Renamed the Defense Autonomous Working Group, the drone initiative is now conducting wargames and working on larger, longer-ranged attack drones, Adm. Sam Paparo and Pentagon CTO Emil Michael said.

A West-Coast based Naval Special Warfare Operator fires a Switchblade 300 Lethal Miniature Aerial Munition System during ground mobility training exercises. (U.S. Navy Photo by Mass Communication Specialist 1st Class Chelsea D. Meiller)

WASHINGTON — Replicator lives, top Pentagon officials said today, though under a new name and with more of a focus on fielding larger attack drones.

Replicator was launched by Biden-era Deputy Secretary of Defense Kathleen Hicks and aimed to acquire thousands of low-cost ‘attritable’ drones, particularly for the Pacific, within two years. But the ambitious effort was met with criticism, including from lawmakers, and its fate was left in question, especially amid other drone initiatives announced by the new Trump administration.

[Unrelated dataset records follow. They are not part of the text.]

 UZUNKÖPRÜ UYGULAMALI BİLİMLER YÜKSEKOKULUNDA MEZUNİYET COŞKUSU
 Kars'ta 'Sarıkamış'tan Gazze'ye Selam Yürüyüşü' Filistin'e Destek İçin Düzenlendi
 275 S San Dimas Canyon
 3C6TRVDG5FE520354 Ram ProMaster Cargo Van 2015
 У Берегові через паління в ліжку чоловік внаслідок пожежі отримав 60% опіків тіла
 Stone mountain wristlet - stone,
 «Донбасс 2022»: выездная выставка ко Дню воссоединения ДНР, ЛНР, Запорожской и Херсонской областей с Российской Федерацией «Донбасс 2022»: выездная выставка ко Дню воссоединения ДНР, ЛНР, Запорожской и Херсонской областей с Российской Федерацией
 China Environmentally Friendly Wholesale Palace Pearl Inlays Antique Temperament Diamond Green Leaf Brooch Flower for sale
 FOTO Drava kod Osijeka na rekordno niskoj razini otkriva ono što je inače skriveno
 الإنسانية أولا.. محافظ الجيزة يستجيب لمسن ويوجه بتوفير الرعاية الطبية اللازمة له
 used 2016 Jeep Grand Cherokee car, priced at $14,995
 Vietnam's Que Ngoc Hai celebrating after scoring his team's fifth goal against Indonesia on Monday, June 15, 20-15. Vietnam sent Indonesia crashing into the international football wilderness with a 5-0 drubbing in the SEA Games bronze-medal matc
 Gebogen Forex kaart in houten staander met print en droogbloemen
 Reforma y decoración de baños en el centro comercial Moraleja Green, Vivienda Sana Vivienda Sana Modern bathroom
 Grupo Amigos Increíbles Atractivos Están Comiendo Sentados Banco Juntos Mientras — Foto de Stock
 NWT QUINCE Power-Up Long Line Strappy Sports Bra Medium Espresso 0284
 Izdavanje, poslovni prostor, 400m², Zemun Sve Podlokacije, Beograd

But today Adm. Samuel Paparo, the four-star chief of Indo-Pacific Command, said Replicator is far from dead.

“It’s alive. It’s alive,” Paparo said at the Reagan National Defense Forum in California. “The deputy secretary of defense has focused it in an autonomous warfighting group, and it is very much alive.”

Paparo appeared to be referencing the Defense Autonomous Warfare Group (DAWG), which The Wall Street Journal first reported was the new home of the Replicator initiative.

What does “alive” mean here? It means wargames, Paparo made clear: both live exercises with real equipment that exists today — conducted in locations safely distant from prying foreign eyes — and simulations of how the tech could help win a future fight.

“We are simulating to it,” Paparo said. “We’re exercising to it, live — not in any space in the Western Pacific, but in secure spaces where we can do our maximum learning.”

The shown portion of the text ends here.